Gyeongju gives off a different feel when the sun sets, where the landmarks are illuminated with lights that adds mystery to the city.

I took up a night tour which sets off at 6:30pm in the evening. The entire trip was done in Korean, but I was lucky to have someone who knows chinese well enough to translate what the guide told everyone.


Our first stop was Anapji Pond. The sky was still pretty bright when we reached Anapji Pond but after looking around for awhile, they turned on the lights, and you see humans around the pond’s perimeter hogging the sides and railings to get the best pictures and selfies.

Anapji Pond (or now called Wolji) was built during King Minmu, and it was built to signify the unification of the Three Kingdoms (Shilla, Baekje, and Goguryeo). The pond was built in such a way you cannot see the entire pond in one view and it looks like you are looking at an ocean. The amount of people standing was so crazy I had difficulty getting a picture with the pond, I could only get a picture of the pond and the pavilions.

gyeongju gyeongju-2

We then took a short ride to Cheomseongdae, which was built during Queen Seondeok reign and serves as an astronomical observatory, as well as the tomb which we didn’t managed to get near.


We were explained (which I could understand a little from his actions) about how the bricks were placed to form the observatory, like slightly cupping both hands, palm facing palm, fingers interlocking with each other. The tower is built out of 362 pieces of cut granite which represent the 362 days of the lunar year. It has 27 layers of stones which some associate it with the fact that Queen Seondeok was considered to be the 27th ruler of Shilla. 12 of the layers are below the window level and 12 are above. These sets of 12 may symbolise the months of the year. (Sources from wiki)

Located behind Cheomseongdae was Gyerim forest. We walked through the forest and eventually came to Gyochon Hanok Village. Around that area, Gyeongju Hyanggyo Confucian School and Choi’s old house can be seen too. Just a brief, Choi was a richman in Gyeongju and his family dates back to 300 years ago. & the reason why he and his family was able to last so long in the society was because they believe in making money and giving it back to the society by providing education for the citizens, as well as helping the poor.

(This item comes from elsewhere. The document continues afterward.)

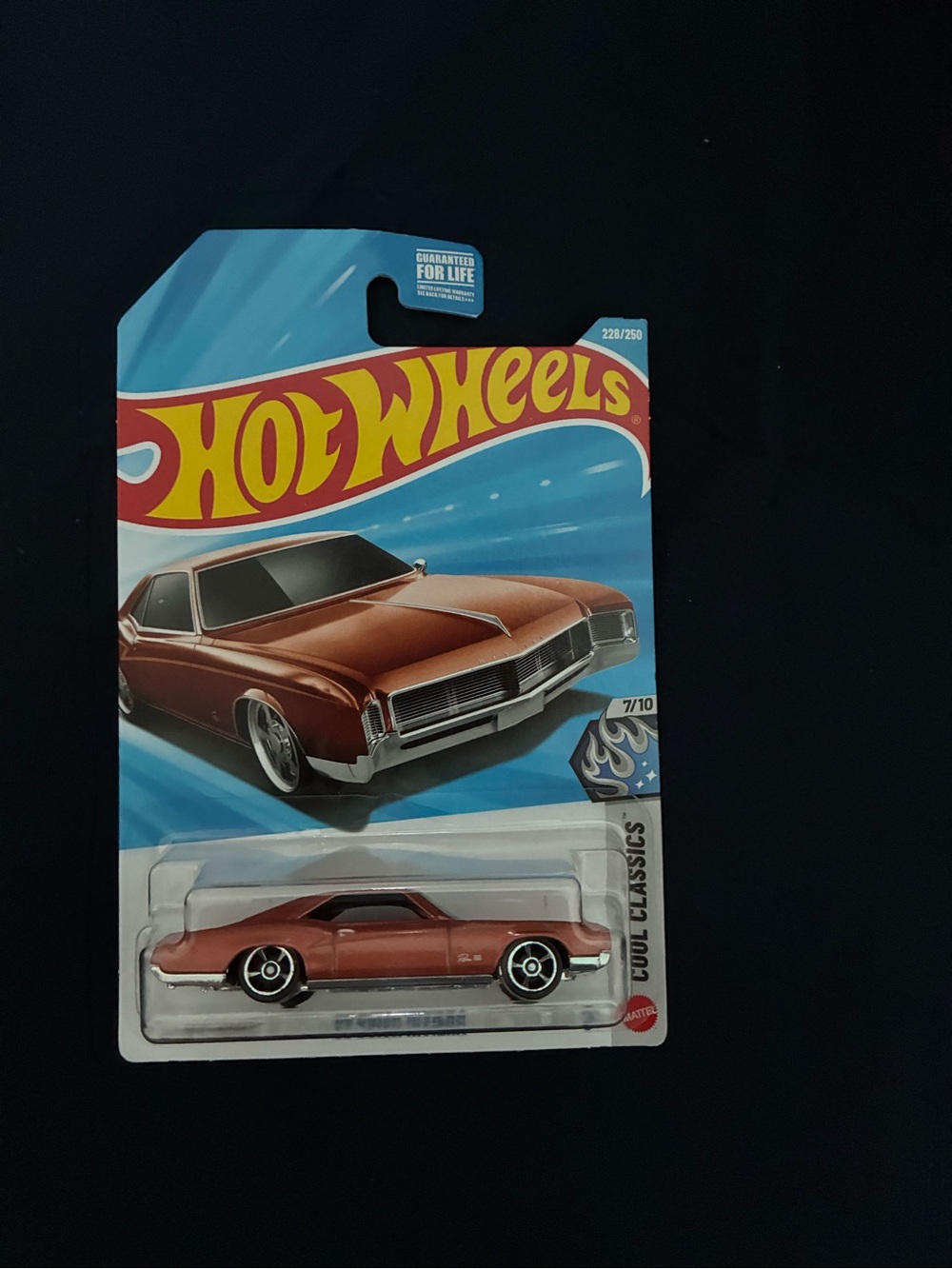 Hot wheels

gyeongju-5 Woljeonggyo Bridge

The entire took about 3 hours to complete. Since the tour is made for Koreans, non-korean speaking tourist could ride to one of the landmarks and walk to the rest as they are all within walking distance, and by that I mean across the road.

To get there: Bus 10, or 70. (PS: I’m pretty sure bus 10 will pass by Anapji Pond though the web doesn’t mention it.)